Problem to solve: Please copy the lines below, exactly as they are, from the one with "3 seater leather sofa from natuzzi" through the one with "Frappé Fresa Cremosa 16 oz", and leave out the pictures.

Information provided:
┄┄┄┄┄┄

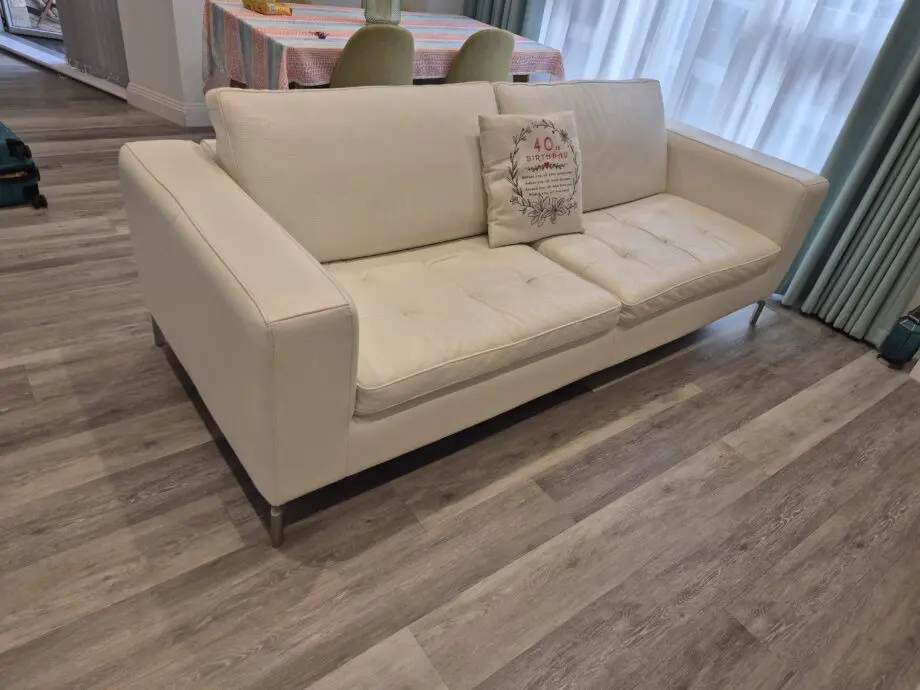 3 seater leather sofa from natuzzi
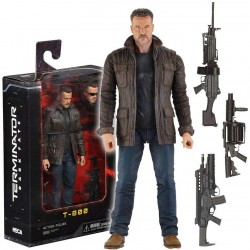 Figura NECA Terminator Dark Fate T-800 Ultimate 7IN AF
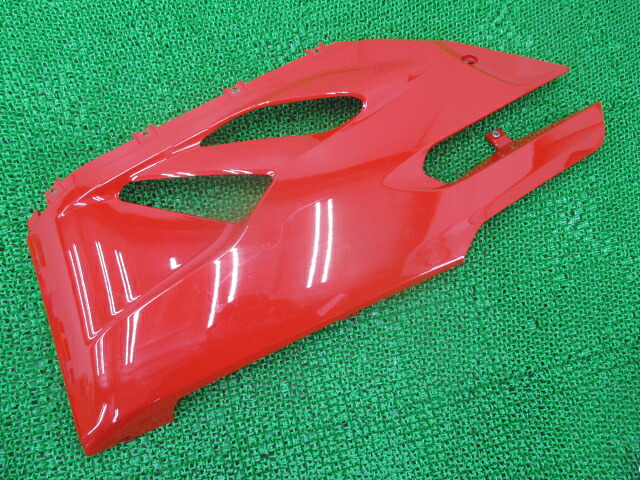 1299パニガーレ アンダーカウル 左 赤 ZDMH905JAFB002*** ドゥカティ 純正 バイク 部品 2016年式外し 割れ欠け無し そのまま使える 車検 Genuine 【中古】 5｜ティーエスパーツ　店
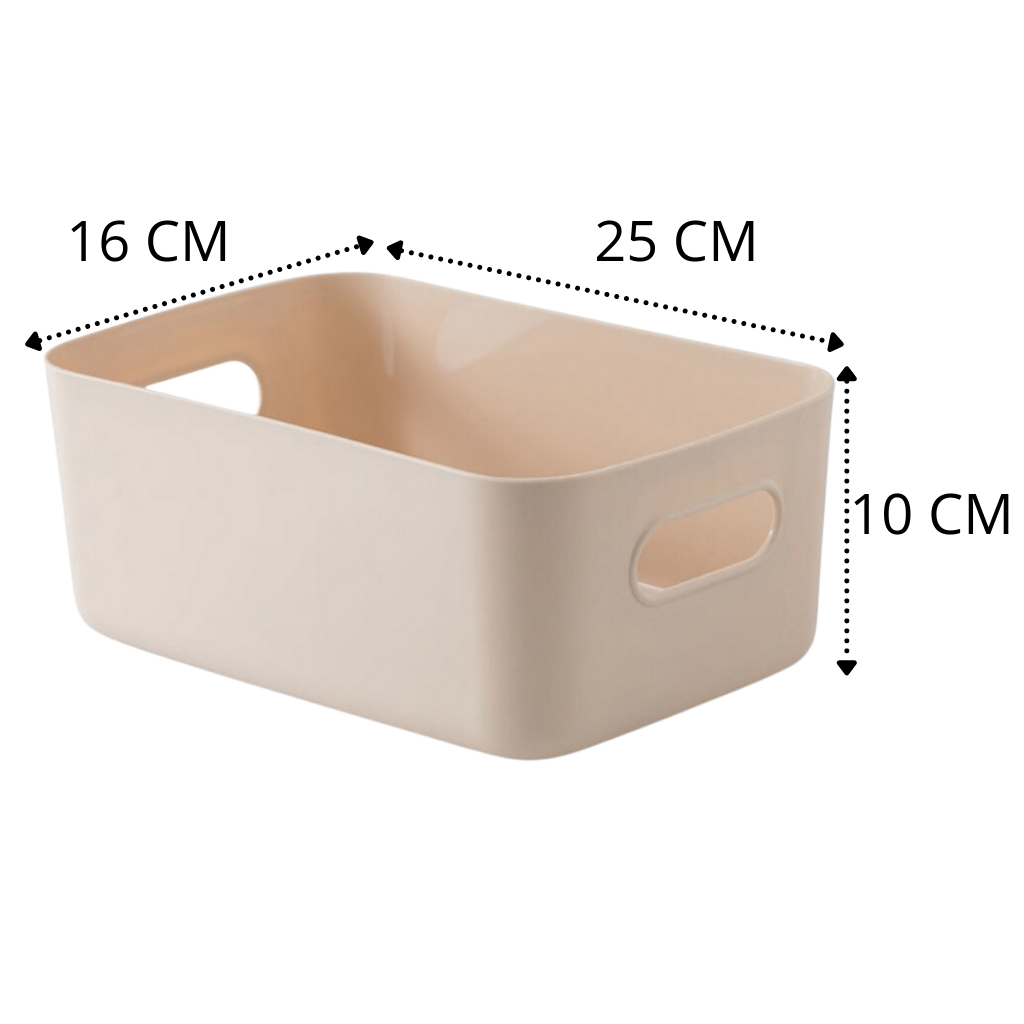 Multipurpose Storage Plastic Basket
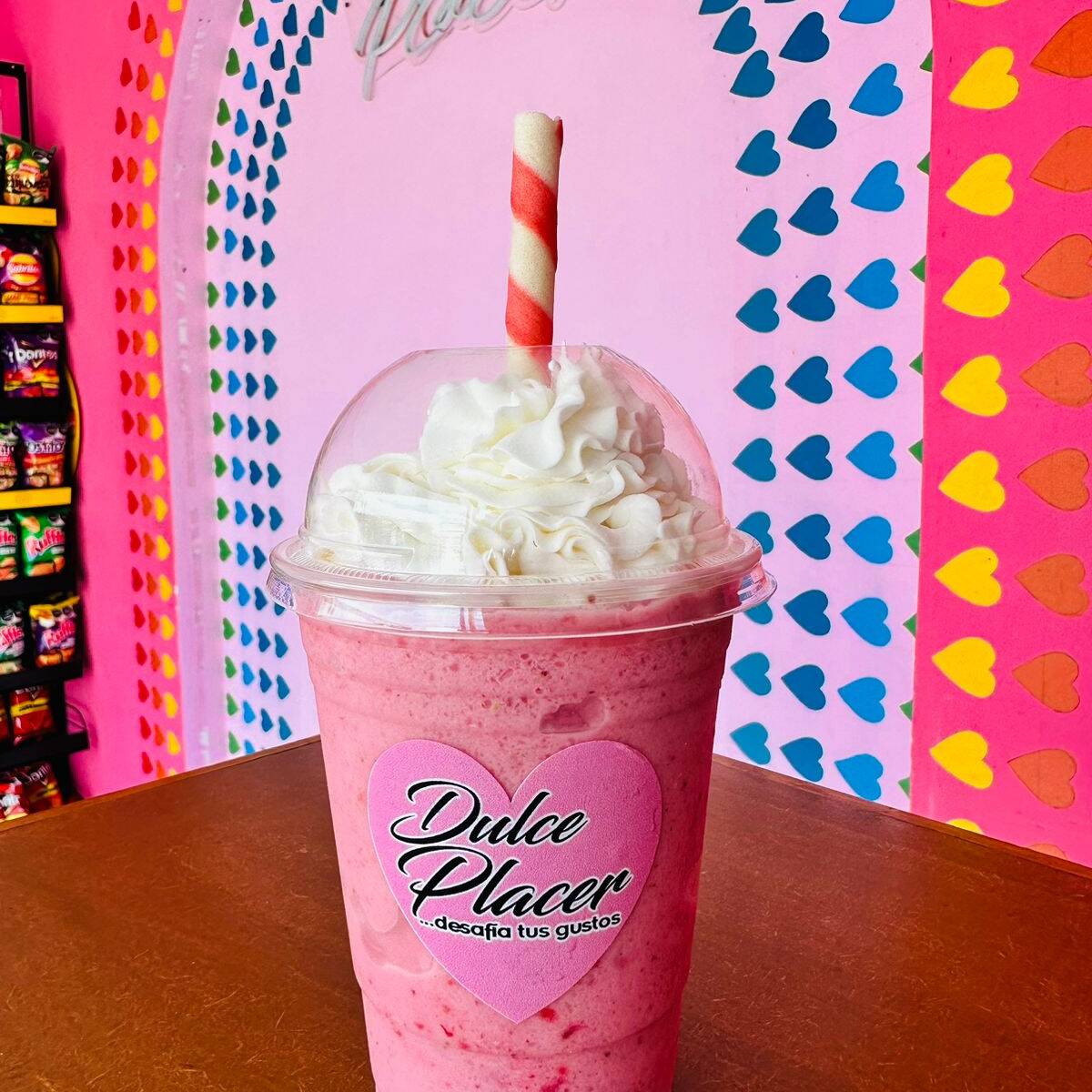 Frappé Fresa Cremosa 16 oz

┄┄┄┄┄┄

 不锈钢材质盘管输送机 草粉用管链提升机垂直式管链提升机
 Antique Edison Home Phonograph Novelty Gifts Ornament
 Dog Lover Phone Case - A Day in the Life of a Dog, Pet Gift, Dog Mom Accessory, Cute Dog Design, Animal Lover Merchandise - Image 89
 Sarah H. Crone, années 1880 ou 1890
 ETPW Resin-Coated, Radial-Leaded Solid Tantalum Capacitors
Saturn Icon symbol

┄┄┄┄┄┄

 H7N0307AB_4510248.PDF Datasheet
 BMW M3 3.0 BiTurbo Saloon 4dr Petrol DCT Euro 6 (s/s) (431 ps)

┄┄┄┄┄┄

Written solution:
 3 seater leather sofa from natuzzi
 Figura NECA Terminator Dark Fate T-800 Ultimate 7IN AF
 1299パニガーレ アンダーカウル 左 赤 ZDMH905JAFB002*** ドゥカティ 純正 バイク 部品 2016年式外し 割れ欠け無し そのまま使える 車検 Genuine 【中古】 5｜ティーエスパーツ　店
 Multipurpose Storage Plastic Basket
 Frappé Fresa Cremosa 16 oz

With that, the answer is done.